Temporärer Führerausweisentzug
Ist dem Arbeitnehmer zB aus reinem Eigenverschulden (zB Fahren in nicht fahrtüchtigem Zustand [Fahren in angetrunkenem Zustand]) der Führerausweis entzogen worden, haftet er für die Schäden des Arbeitgebers:
- Zusätzliche Transportkosten zB bei
- Servicemonteur im Aussendienst
- Handwerker mit Lieferwagen
- Lohnkosten eines Ersatzchauffeurs
Je nach Sachverhalt (zB beschränktes Eigenverschulden) bleiben Reduktionsgründe vorbehalten.
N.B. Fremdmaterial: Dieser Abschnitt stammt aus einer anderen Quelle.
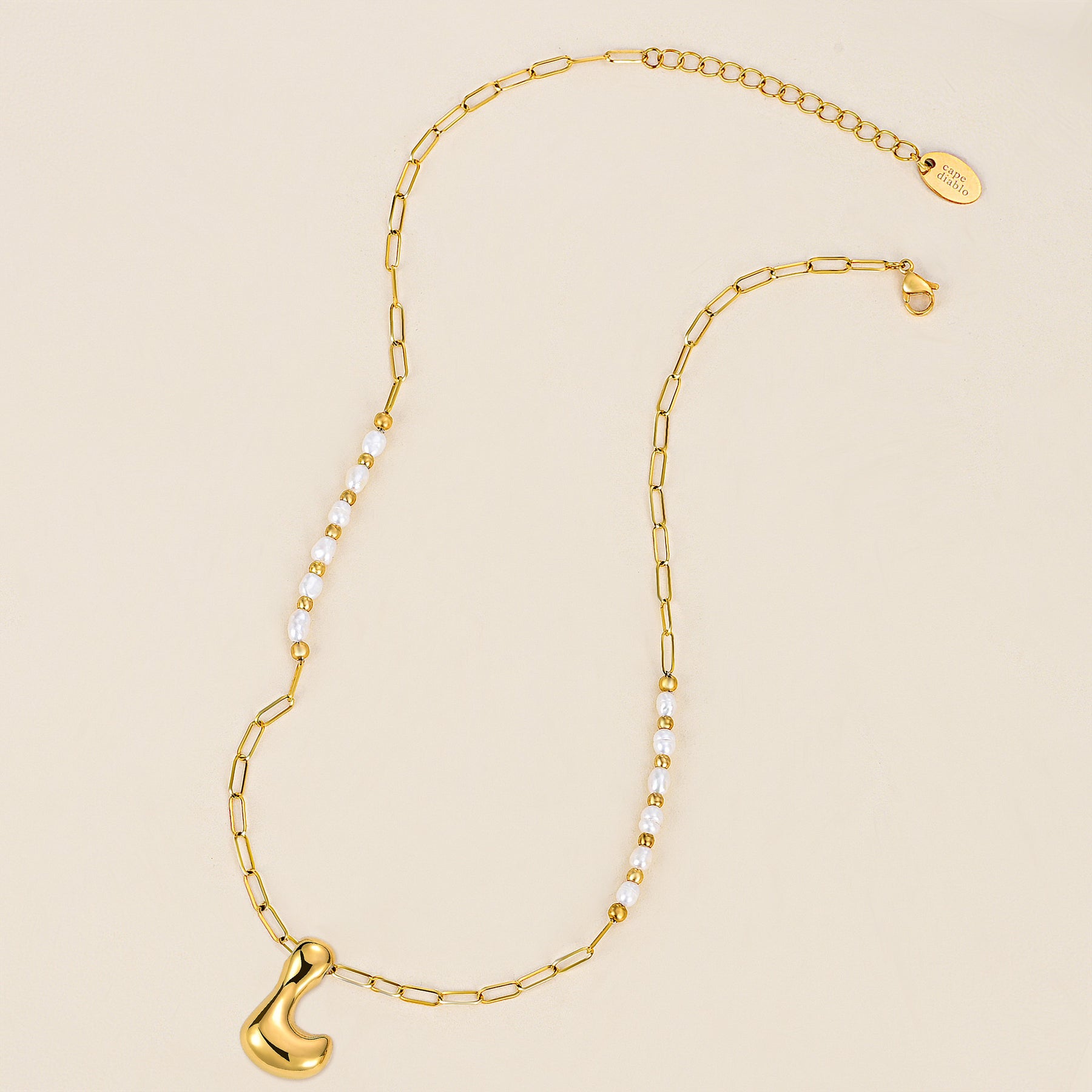 Chic Bubble Pearl Initial Chain Necklace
Weiterführende Informationen
- JAR 1990 137 f.
Selbstbehalt und Bonusverlust
Auch der Selbstbehalt und der Bonusverlust als Unfallfolge sind als Schadenersatzansprüche vom Arbeitnehmer zu tragen.
Die Schadenersatzhöhe wird durch die allgemein gültigen Reduktionsgründe beeinflusst.
Drittschäden
Die Arbeitnehmerhaftung bei Unfällen mit Geschäftsfahrzeugen erstreckt sich auch auf:
- Schäden an anderen Fahrzeugen
- Personen- bzw. Körperschäden.
Die Haftpflicht-Drittschäden sind meistens durch entsprechende Versicherungen gedeckt:
- Schäden aus Verkehrsunfällen
- Motorfahrzeughaftpflichtversicherung
- Personenschäden
- Unfallversicherung.
Je nach Verschulden des Arbeitnehmers (zB LKW-Fahren in angetrunkenem Zustand) kann der Versicherer regressieren auf
- den Arbeitgeber
- Überwälzung auf Arbeitnehmer nach den vorstehenden Prinzipien der Arbeitnehmerhaftung
- den Arbeitnehmer.
In Lehre und Rechtsprechung ist es umstritten, ob der Arbeitgeber eine Kaskoversicherung für Geschäftsfahrzeuge abschliessen sollte:
- Der Prämienaufwand, der zu Lasten des Arbeitgebers geht, ist nicht nur eine Risikoschutz für den Arbeitgeber, sondern vermeidet auch Streitigkeiten mit dem fehlbaren Mitarbeiter zur Arbeitnehmerhaftung
- Entscheidend ist der Fahrzeugeinsatz und die Qualitäten des Chauffeurs.
Vereitelung der Untersuchung
Der Arbeitnehmer haftet trotz unklarer Unfallverursachung, wenn er die Unfallermittlung vorsätzlich vereitelt, zB durch:
- Manipulation des Restwegschreibers
- Zerstörung oder „Verschlucken“ der Tachographenscheibe
- Vereitelung der Blutprobe
SVG-Strafverfahren
Unfälle auf öffentlichen Strassen ziehen für den Arbeitnehmer oft ein Strafverfahren nach sich.
Auch wenn der Zivilrichter nicht an die Feststellungen des Strafrichters gebunden ist, wird er ohne offensichtliche Falschbeurteilung des Strafrichters nicht von dessen Beurteilung abweichen.